As a former Otago Excursion Train Trust volunteer with 30 years’ experience as operating staff with Taieri Gorge Railway, I wish to express my utter disdain at the proposal for the Hindon- Middlemarch section being lifted/turned to a cycleway.
It almost seems like an "only in Dunedin" thing to change the premier heritage attraction, one that was the cruise ship catalyst to Dunedin, with the worldwide direct ship-to-shore train trip renowned, and daily brought tourists who spent $5 million into the local economy per annum from the late 1980s onward.
A busy day could get closer to 1000 people taking the trip.
How many will cycles bring?
Trains brought travel to the masses.
The North Taieri-Hindon section is just a "warm up" compared to the spectacular part beyond proposed for lifting, and nowadays that has been let go as far as gorse and broom goes, after the weedspray programme was abolished well before Covid.
A passenger railway is a narrow profit margin because you are owning and maintaining your own right of way. Therefore, it takes someone who knows what they are doing to be at the helm, not self-agenda, nor ego types spending buckets on totally unnecessary things, doing things the wrong way, making all sorts of pointless red tape, slowing the timetable while wilfully ignoring fundamentals that staff with decades of knowledge/background advised otherwise.
Things run downhill very fast when important things are left on a railway, while the cost where it’s needed burgeons the longer the things that need investment are left to worsen.
The bigger picture remains that scenic heritage railways around the world bring visitors.
One of the biggest, most popular hallmarks of the railway has been the wooden open-balcony cars, and they’ve been axed from use — the total opposite of the grain.
I’m currently in the United Kingdom, where heritage and tourist lines bring in £60 million (NZ$121 million) to the tourist economy per year.
When one or two had a bit of financial strife in the Covid period, they were assisted by government funding.
As our own wishes to protect tourist assets, they might well help too in the major investment now needed.

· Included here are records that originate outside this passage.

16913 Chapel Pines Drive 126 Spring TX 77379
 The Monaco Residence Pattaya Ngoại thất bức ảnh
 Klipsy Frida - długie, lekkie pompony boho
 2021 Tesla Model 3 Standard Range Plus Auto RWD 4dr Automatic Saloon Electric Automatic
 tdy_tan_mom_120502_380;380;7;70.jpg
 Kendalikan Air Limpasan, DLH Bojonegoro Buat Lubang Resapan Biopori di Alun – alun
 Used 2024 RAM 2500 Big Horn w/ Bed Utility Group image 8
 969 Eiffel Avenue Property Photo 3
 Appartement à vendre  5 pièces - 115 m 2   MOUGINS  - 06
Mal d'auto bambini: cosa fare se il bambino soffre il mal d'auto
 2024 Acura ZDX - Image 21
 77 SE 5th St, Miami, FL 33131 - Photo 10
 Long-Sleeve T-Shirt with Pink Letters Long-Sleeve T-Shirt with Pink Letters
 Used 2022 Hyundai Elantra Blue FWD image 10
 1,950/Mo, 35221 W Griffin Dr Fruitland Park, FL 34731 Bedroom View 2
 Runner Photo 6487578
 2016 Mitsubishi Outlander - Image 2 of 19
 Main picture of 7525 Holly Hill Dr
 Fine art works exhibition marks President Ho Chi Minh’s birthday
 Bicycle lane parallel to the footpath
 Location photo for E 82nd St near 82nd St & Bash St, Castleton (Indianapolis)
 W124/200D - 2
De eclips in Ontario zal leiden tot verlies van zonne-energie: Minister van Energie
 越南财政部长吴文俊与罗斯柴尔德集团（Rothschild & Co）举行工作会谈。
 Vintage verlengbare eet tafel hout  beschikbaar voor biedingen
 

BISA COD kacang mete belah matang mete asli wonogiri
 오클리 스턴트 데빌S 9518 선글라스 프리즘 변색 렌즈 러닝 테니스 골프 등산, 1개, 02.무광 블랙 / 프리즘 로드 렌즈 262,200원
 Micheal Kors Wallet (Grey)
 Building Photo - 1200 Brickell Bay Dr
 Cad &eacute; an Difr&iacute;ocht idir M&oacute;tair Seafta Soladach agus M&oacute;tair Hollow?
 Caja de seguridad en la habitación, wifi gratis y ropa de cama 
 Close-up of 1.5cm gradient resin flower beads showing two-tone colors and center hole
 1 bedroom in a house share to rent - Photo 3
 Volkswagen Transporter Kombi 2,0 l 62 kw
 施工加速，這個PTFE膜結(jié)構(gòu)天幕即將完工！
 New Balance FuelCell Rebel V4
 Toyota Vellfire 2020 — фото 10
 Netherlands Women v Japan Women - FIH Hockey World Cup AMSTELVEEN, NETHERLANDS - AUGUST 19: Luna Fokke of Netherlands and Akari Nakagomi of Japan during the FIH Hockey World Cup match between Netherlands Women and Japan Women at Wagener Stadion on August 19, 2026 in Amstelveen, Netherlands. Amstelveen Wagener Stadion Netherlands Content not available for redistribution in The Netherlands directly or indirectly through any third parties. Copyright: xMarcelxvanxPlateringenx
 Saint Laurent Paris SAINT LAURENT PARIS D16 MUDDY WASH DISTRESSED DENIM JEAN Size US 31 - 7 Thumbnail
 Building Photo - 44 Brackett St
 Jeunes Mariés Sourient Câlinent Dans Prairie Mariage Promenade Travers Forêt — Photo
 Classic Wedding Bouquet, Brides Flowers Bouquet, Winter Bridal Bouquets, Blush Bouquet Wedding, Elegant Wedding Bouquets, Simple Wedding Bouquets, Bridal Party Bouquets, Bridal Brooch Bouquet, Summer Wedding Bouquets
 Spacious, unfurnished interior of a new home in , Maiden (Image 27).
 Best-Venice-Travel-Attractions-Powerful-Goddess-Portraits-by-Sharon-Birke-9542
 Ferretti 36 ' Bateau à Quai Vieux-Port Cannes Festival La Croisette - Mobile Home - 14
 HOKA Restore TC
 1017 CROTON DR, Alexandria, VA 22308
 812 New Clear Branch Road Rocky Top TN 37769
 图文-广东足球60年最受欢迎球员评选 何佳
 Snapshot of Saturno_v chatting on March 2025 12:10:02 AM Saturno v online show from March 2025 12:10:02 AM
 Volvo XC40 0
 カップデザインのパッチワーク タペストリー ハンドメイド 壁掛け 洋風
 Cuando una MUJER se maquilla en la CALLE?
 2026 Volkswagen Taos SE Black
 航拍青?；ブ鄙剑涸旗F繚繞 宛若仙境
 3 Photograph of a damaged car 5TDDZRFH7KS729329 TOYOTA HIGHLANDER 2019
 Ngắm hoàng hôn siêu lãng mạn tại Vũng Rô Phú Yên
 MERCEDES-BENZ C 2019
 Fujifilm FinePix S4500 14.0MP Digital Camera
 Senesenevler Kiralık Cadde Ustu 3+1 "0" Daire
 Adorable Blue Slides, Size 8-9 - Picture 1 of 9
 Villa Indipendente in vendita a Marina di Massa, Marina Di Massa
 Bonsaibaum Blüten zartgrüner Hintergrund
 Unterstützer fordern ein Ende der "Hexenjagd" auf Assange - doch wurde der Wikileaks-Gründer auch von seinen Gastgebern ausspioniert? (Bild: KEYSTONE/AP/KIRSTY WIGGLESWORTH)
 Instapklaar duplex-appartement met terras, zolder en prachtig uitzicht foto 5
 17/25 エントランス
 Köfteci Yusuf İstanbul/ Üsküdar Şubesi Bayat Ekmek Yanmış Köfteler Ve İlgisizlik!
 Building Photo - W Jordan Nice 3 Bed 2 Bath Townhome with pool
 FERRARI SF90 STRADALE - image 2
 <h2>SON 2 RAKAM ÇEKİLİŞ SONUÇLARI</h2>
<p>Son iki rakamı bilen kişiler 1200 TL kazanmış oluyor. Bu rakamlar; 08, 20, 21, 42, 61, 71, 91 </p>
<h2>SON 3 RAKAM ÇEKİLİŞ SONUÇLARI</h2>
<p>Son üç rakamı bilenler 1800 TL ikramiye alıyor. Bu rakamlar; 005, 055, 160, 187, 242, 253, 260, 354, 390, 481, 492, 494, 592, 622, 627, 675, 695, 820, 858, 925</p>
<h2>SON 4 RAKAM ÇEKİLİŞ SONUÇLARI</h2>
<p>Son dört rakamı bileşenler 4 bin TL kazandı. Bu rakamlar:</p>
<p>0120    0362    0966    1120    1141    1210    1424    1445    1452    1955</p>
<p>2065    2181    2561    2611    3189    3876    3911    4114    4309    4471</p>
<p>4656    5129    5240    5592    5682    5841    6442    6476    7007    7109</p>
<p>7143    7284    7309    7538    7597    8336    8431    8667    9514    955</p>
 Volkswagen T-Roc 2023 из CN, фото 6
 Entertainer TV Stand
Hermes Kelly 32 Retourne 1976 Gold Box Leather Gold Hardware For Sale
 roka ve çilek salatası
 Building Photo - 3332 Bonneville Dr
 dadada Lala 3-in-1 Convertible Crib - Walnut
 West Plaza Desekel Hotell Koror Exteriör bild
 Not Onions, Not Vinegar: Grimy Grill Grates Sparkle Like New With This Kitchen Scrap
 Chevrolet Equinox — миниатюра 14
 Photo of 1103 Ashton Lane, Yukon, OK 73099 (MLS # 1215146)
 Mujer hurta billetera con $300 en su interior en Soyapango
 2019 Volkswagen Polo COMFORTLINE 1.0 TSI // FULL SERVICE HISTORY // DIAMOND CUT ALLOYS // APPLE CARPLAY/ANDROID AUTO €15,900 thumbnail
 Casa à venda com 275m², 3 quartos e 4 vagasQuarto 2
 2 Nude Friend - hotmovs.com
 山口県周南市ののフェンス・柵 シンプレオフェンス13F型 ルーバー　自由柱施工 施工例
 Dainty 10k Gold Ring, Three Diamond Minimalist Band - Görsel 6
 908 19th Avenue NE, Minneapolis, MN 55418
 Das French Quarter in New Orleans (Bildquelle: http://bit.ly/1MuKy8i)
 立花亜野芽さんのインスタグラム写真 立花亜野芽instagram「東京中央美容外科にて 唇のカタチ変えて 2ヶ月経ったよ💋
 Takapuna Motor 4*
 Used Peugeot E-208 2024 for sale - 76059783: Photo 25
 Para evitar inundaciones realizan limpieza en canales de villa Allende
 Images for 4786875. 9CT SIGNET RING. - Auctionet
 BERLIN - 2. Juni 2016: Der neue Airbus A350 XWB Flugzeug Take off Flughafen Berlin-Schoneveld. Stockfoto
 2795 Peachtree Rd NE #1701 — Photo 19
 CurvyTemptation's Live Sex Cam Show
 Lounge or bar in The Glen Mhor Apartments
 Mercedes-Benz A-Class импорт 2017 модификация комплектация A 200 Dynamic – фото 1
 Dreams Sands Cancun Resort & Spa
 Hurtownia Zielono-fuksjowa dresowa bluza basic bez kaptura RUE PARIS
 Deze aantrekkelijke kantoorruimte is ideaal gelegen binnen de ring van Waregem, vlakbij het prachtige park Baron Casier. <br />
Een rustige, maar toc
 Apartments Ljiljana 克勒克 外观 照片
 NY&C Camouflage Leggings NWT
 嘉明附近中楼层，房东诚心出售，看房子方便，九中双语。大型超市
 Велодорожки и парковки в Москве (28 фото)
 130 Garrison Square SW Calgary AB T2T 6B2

Assured, a proposal to lift one of the top scenic lines over here or in the United States or Australia would be totally unthinkable and spark major condemnation. In fact, on the world stage, Taieri Gorge Railway in its entirety is longer than any such line in the UK, and by far is the longest private line in New Zealand.
The railway should be managed well, by having people in charge that have full know-how of how railways are properly run.
We worked out that, collectively, the laid-off staff had over 300 years’ combined experience, many of which harked back to NZ Rail days.
Many people dug into their pockets and did lots of unpaid work to get that place running.
My late mother alone put her parents’ inheritance into the 1990 Save the Train appeal.
They sure didn’t do that for things to come to the way they are, nor what is proposed.
— Paul Jeffery is a former Taieri Gorge Railway staff member.